# import module and model

In [1]:
import torch
import torch.nn.functional as F
import warnings
import numpy as np
from tqdm import tqdm
from scipy.linalg import block_diag
from transformers import AutoTokenizer, AutoModelForSeq2SeqLM
from typing import List
from datasets import load_dataset
from promptsource.templates import DatasetTemplates
# from tqdm.notebook import tqdm
from transformers import AutoTokenizer, AutoModelForSeq2SeqLM, AutoConfig, get_linear_schedule_with_warmup
from torch.utils.data import Dataset, DataLoader
import scipy
from sklearn.metrics import accuracy_score

import logging
import sys
warnings.filterwarnings("ignore")

In [2]:
import os
os.environ['CUDA_VISIBLE_DEVICES'] = '0'
torch.cuda.is_available()
model_type = "BAAI/glm-roberta-large"
tokenizer = AutoTokenizer.from_pretrained(model_type, trust_remote_code=True, revision='main')
model = AutoModelForSeq2SeqLM.from_pretrained(model_type, trust_remote_code=True, revision='main').half().cuda()
print(f"Model {model_type} loaded.")

Model BAAI/glm-roberta-large loaded.


# Generation

## ConditionalGenerationDataset

In [3]:
# Fine-tuning GLM on classification/mutliple-choice dataset.

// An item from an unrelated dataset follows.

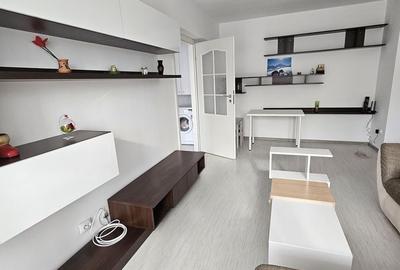 Apartament 2 camere Pantelimon| Comision 0% - 4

An example.
import torch
from sklearn.model_selection import train_test_split
from datasets.arrow_dataset import Dataset

class ConditionalGenerationDataset(torch.utils.data.Dataset):
    def __init__(self, dataset_name, split, template_name, prompt_name, tokenizer, shuffle, portion ):
        super(ConditionalGenerationDataset, self).__init__()
        self.dataset_name = dataset_name
        self.split = split
        self.prompt = DatasetTemplates(template_name)[prompt_name]
        self.tokenizer = tokenizer
        # Ensure that the dataset split is valid.
        self.data = []
        if '/' in dataset_name:
            iters = load_dataset(dataset_name.split('/')[0], dataset_name.split('/')[1], split=split)
        else:
            iters = load_dataset(dataset_name, split=split)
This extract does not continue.